Hi Aashutosh,
The queryable state feature is no longer actively maintained by the
community. What I would recommend is to output the aggregate counts via a
sink to some key value store which you query to obtain the results.
Looking at the implementation of CopyOnWriteStateMap, it does not look like
that this class is supposed to be accessed concurrently. I suspect that
this is the cause for the infinite loop you are seeing. I think the problem
was that this class was implemented after the development of queryable
state had been stopped. Sorry for the inconveniences.
I also pulled in the author of the CopyOnWriteStateMap PengFei Li who might
give more details.
Cheers,
Till
On Mon, Mar 29, 2021 at 2:59 PM Aashutosh Swarnakar
wrote:
> Hi Folks,
>
>
>
> I've recently started using Flink for a pilot project where I need to
> aggregate event counts on per minute window basis. The state has been made
> queryable so that external services can query the state via Flink State
> Query API. I am using memory state backend with a keyed process function
> and map state.
>
>
>
> I've a simple job running on a 6 node flink standalone cluster. 1 job
> manager and 5 task managers. External services can query the 5 task manager
> nodes for flink state.
>
>
>
> The job operates fine whenever external clients are not querying flink
> state but once the external clients start quering the flink state via flink
> queryable client, I observe that flink query server threads and the
> aggregate task thread gets stuck into an infinite loop in
> CopyOnWriteStateMap.get() method. Also the GC activity peaks to 100% along
> with 100% CPU usage. The task manager nodes are unable to recover from this
> situation and I have to restart the cluster.

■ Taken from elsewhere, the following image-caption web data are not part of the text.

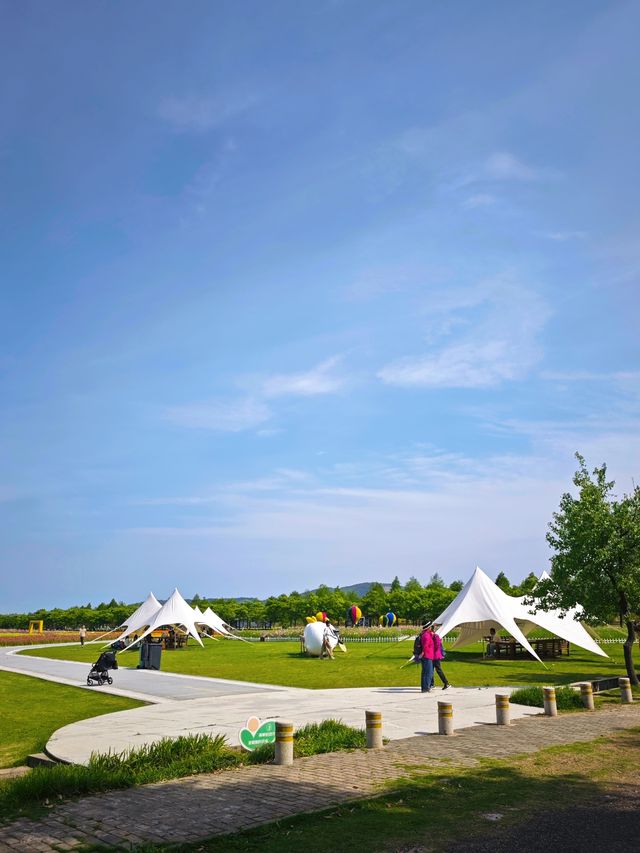 漩門灣濕地公園冇人嘅感覺實在太正啦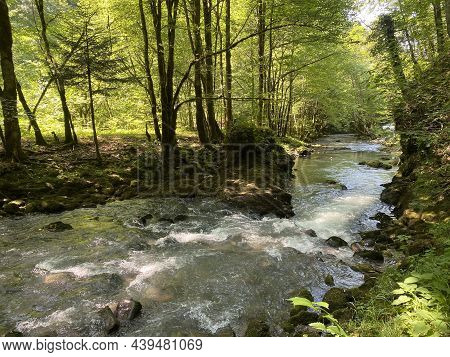 Curak Stream Near The Zeleni Vir Picnic Area In Gorski Kotar - Vrbovsko, Croatia (potok Curak Kod Iz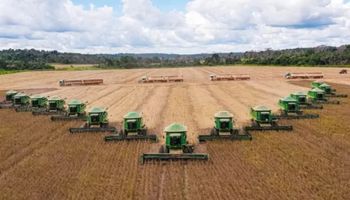 SLC eleva resultados financeiros com aumento de área e produtividade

Let me know if anybody has
> faced this issue before.
>
>
>
> Any information with regards to below queries will be very helpful.
>
>
>
> 1. Is this a thread synchronisation issue ?
>
> 2. Is CopyOnWriteStateMap class thread safe ?
>
> 3. Is there a possibility for any race conditions when incremental
> rehashing is done for CopyOnWriteStateMap ?
>
> 4. Can this be an issue with state usage in my job implementation (I am
> doing a get and put on map state for processing each element in the stream)
> ?
>
>
>
>
>
> I have added the thread dump below along with the code snippet where the
> threads go into infinite loop.
>
>
>
> Task thread:
>
>
>
> "aggregates-stream -> Map -> Sink: Cassandra Sink
> (2/10)#0" - Thread t@76
>
>java.lang.Thread.State: RUNNABLE
>
> at
> org.apache.flink.runtime.state.heap.CopyOnWriteStateMap.get(CopyOnWriteStateMap.java:275)
>
> at
> org.apache.flink.runtime.state.heap.StateTable.get(StateTable.java:262)
>
> at
> org.apache.flink.runtime.state.heap.StateTable.get(StateTable.java:136)
>
> at
> org.apache.flink.runtime.state.heap.HeapMapState.get(HeapMapState.java:86)
>
> at
> org.apache.flink.runtime.state.UserFacingMapState.get(UserFacingMapState.java:47)
>
> at
> com.cybersource.risk.operator.ProcessAggregatesFunction.processElement(ProcessAggregatesFunction.java:44)
>
> at
> com.cybersource.risk.operator.ProcessAggregatesFunction.processElement(ProcessAggregatesFunction.java:20)
>
> at
> org.apache.flink.streaming.api.operators.KeyedProcessOperator.processElement(KeyedProcessOperator.java:83)
>
> at
> org.apache.flink.streaming.runtime.tasks.OneInputStreamTask$StreamTaskNetworkOutput.emitRecord(OneInputStreamTask.java:187)
>
> at
> org.apache.flink.streaming.runtime.io.StreamTaskNetworkInput.processElement(StreamTaskNetworkInput.java:204)
>
> at
> org.apache.flink.streaming.runtime.io.StreamTaskNetworkInput.emitNext(StreamTaskNetworkInput.java:174)
>
> at
> org.apache.flink.streaming.runtime.io.StreamOneInputProcessor.processInput(StreamOneInputProcessor.java:65)
>
> at
> org.apache.flink.streaming.runtime.tasks.StreamTask.processInput(StreamTask.java:395)
>
> at
> org.apache.flink.streaming.runtime.tasks.StreamTask$$Lambda$202/2001022910.runDefaultAction(Unknown
> Source)
>
> at
> org.apache.flink.streaming.runtime.tasks.mailbox.MailboxProcessor.runMailboxLoop(MailboxProcessor.java:191)
>
> at
> org.apache.flink.streaming.runtime.tasks.StreamTask.runMailboxLoop(StreamTask.java:609)
>
> at
> org.apache.flink.streaming.runtime.tasks.StreamTask.invoke(StreamTask.java:573)
>
> at
> org.apache.flink.runtime.taskmanager.Task.doRun(Task.java:755)
>
> at
> org.apache.flink.runtime.taskmanager.Task.run(Task.java:570)
>
> at java.lang.Thread.run(Thread.java:748)